On the Enchanted Island.
("Me? Moi? A snob?" the actor exclaims in surprise, feigning ignorance of everything said to him. Yet the role of beau-monde parlor-player was written for him.)
1.) "The business of delivering a magazine . . . is awfully busy."
A professional, I guess, because you're in an office; in the machine, part of the apparatus. You include a shot at zeens, a reminder that "I'm up here, and you're down there, somewhere."
But writing, making, and distributing a zeen takes more work than being part of a paid staff, financed by rich people, with the various roles divided among specialists. (Or do you design the cover yourself? p.s. Does anyone?) A zeen is more of a challenge to one's creative talents.
I'm currently making a poetry zeen. I designed the cover, have begun hand-coloring the copies of it, each with different colors so that each will be unique. The writing is my own, as is the layout on the pages. Yes, I'll do the actual "production," including stapling. Then I'll get them into stores, which will take legwork. I'll publicize them-- maybe give readings. I'll be their chief salesman. I hope the zeens will be eye-catching. At their best, zeens are works of art. The artist has a personal connection to the work-- the zeen a true and full expression of his ideas and talents.

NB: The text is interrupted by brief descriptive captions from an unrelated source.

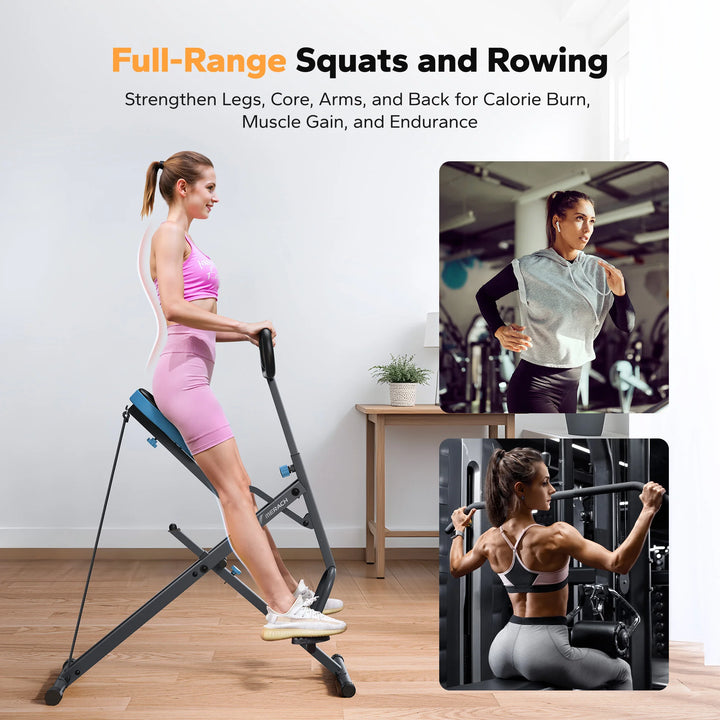 MERACH 2-in-1 Squat & Rowing Machine – Foldable Home Trainer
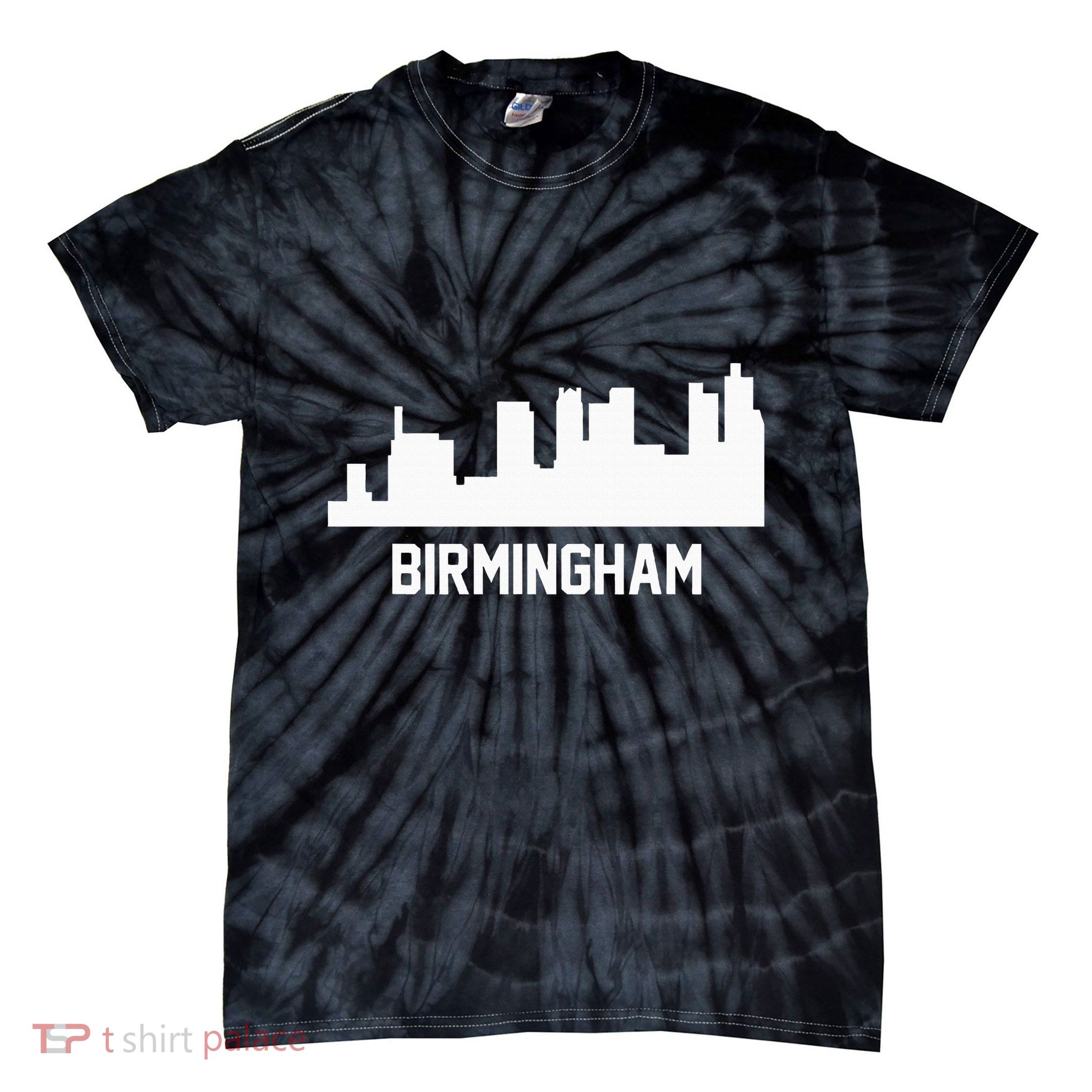 Birmingham Alabama Skyline Cityscape Tie-Dye T-Shirt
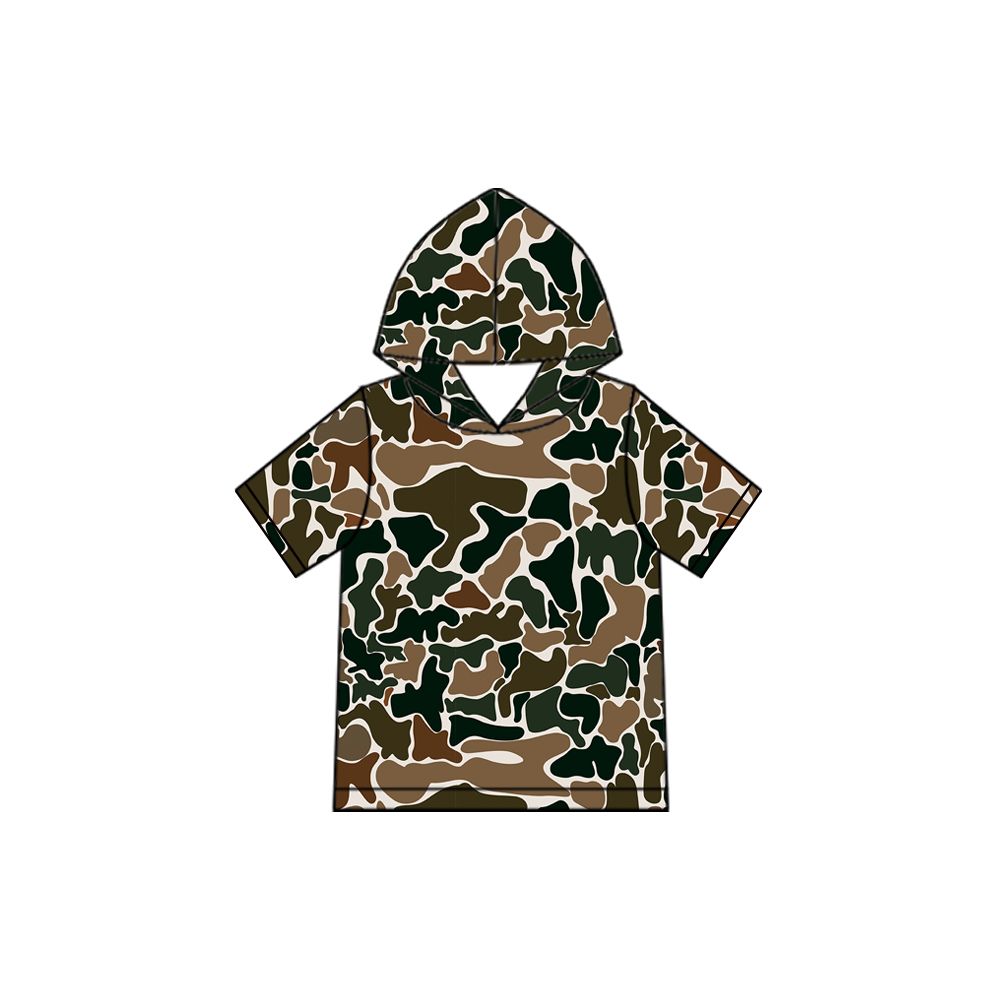 ( Moq 5 ) Preorder Baby Boys Kids Brown Camo Short Sleeves Hoodie Shirt Tops Clothes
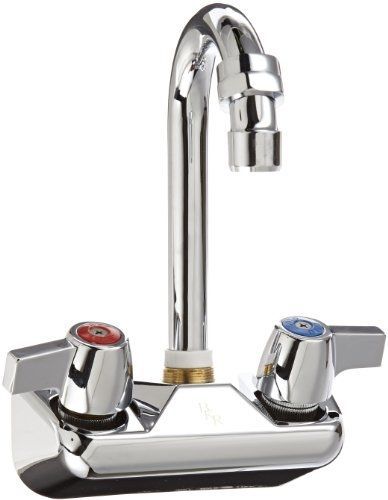 John Boos PBF-4-S Economy Gooseneck Faucet, Splash Mount, 3-1/2&#034; Spout, 4&#034; On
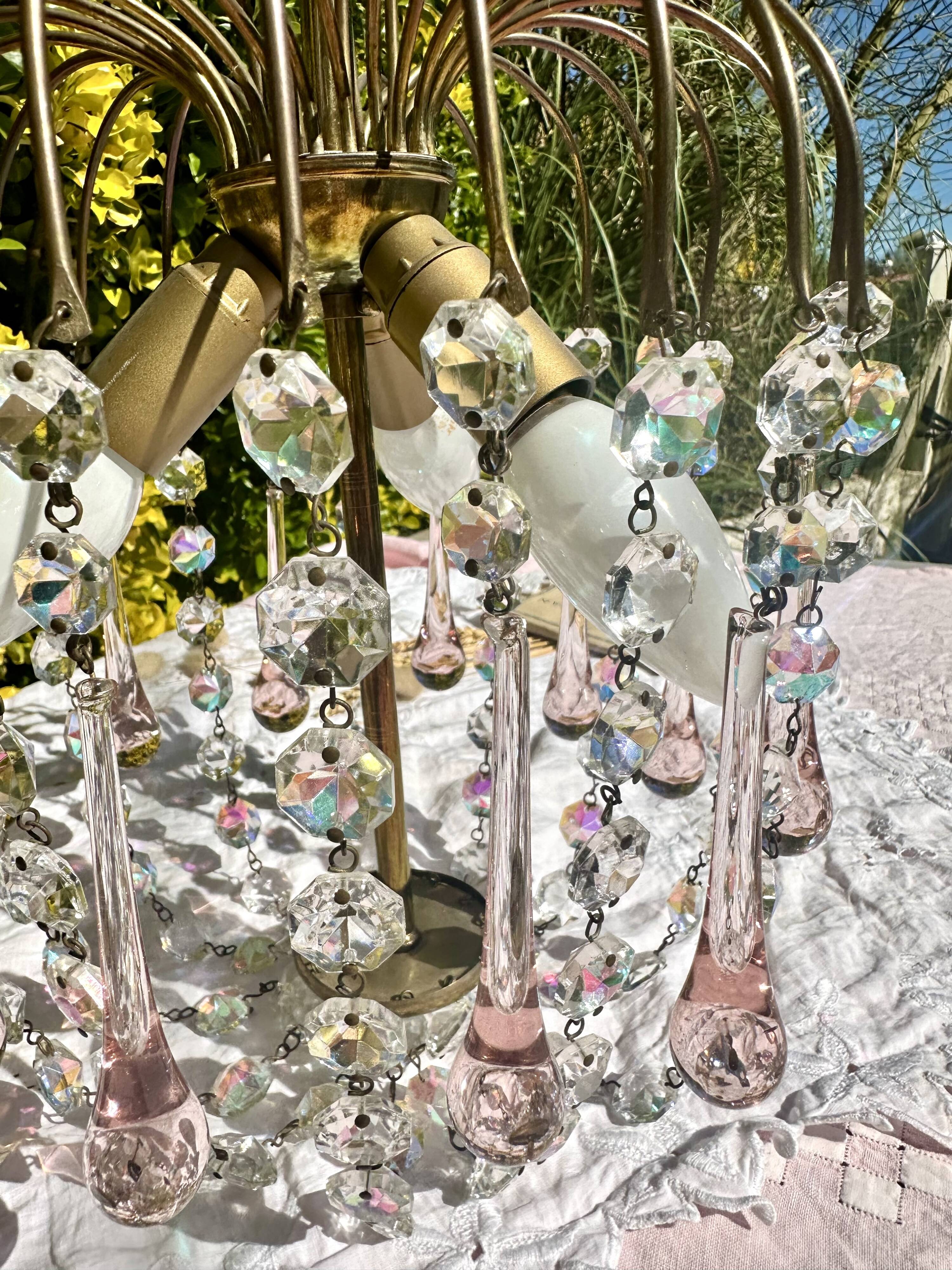 Magnificent Cascade Chandelier in Brass & Crystal Glass 1970s Vintage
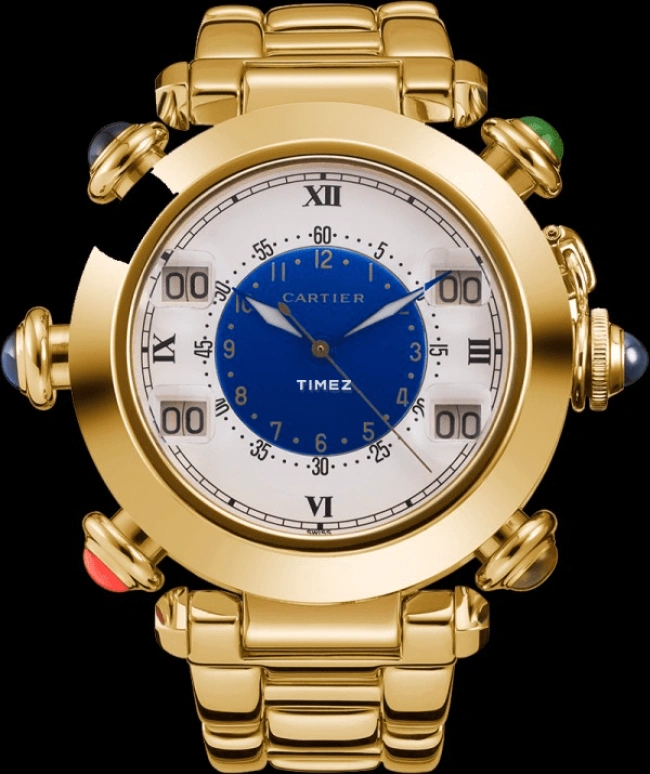Cartier,Pasha de Cartier 38mm,38mm,Yellow Gold,White,Blue,Automatic,Sapphire,Crystal Glass,Round,PASHA DE CARTIER GOLF 1993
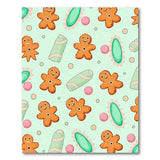 Whimsical Gingerbread Men Candy Cane Kids Rug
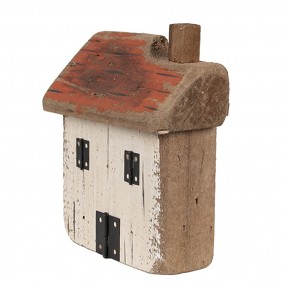 26H2356 Decorative Figurine House 14 cm White Red Wood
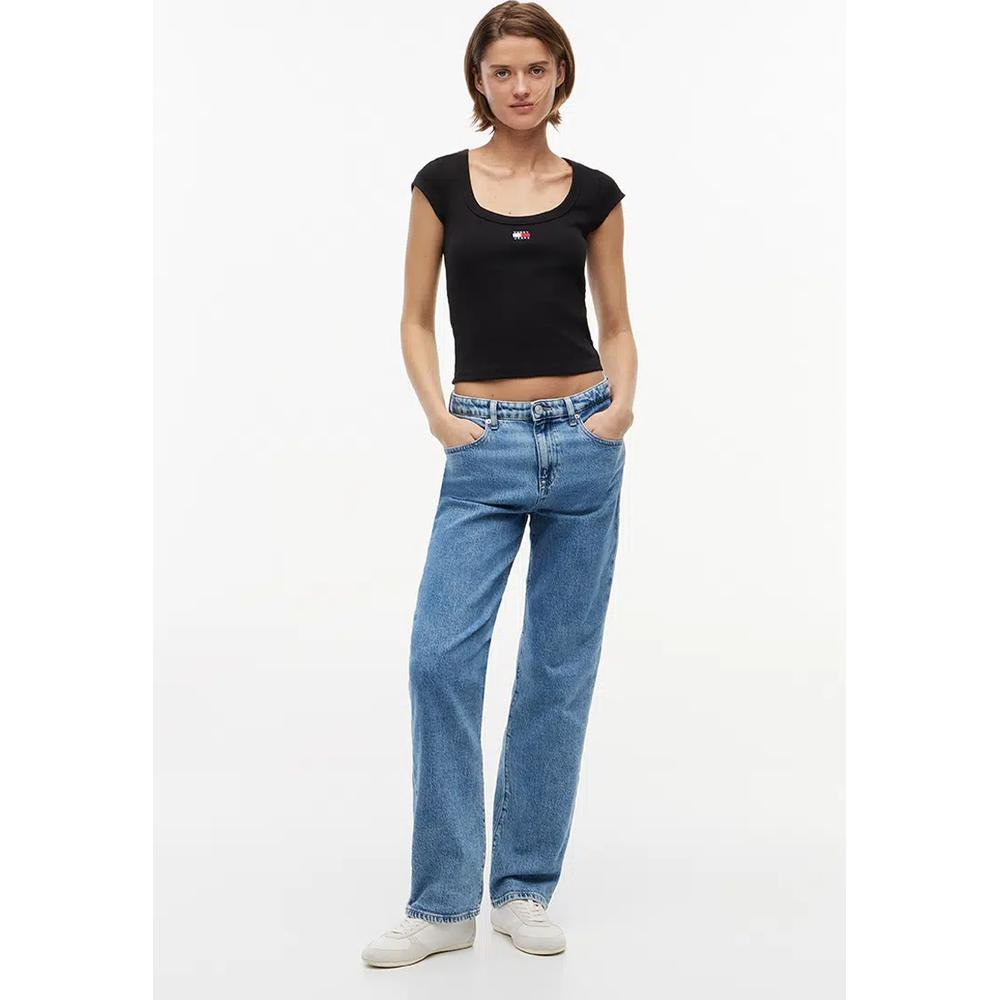 Футболка с логотипом, вырезом-лодочкой и slim-посадкой - Tommy Jeans 4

The independent writer and artist; writer as producer and salesman: What could be more Jeffersonian-- more American? NEW CRITERION, by contrast, pretends to believe in the American ethos and the free market while being indirectly subsidized, through its 501c3 status, by taxpayers like myself; while operating through federal government regulation and largesse as a prestigious welfare case.
2.) "Dive and "Upper East Side."
The two words used together are an oxymoron. There are few enough dive bars left in gentrifying Manhattan. The Mars Bar, if that's still open.
3.) "Controversial"?
I've read the ULA's press clippings. (Even the NYTBR profile presents us as controversial.)
4.) Dave Eggers.
Funny, Stefan, that you emphasize Eggers as "one guy." You divorce The Dave from his context. He's more a literary entrepreneur than a writer. He's a publisher. He leads a literary movement. He's noteworthy not for his writing but because he represents a mentality prevalent among a particular class of writers. One can't understand his writing and the nature of its appeal without understanding his mentality and the way it's packaged.
5.) Zeens and blogs.
You have a marginal understanding of print zeens ('zines) and what distinguishes them from blogs. (I've addressed the differences on this blog.) Yours is an easy dismissal of an aesthetic you don't understand. The ULA is hardly redundant. (Can you name another lit group like us?) We represent the best writers in the print underground, many of them very unique. There isn't another writer in the country like Wild Bill Blackolive in lifestyle, philosophy, and voice. Mark Sonnenfeld's work is so unique, a cross between mail art and poetry, we're unable to put any of it on our site!
What's redundant are 400,000 trained middle-class MFA wannabe writers who are polished, tame, and all sound the same.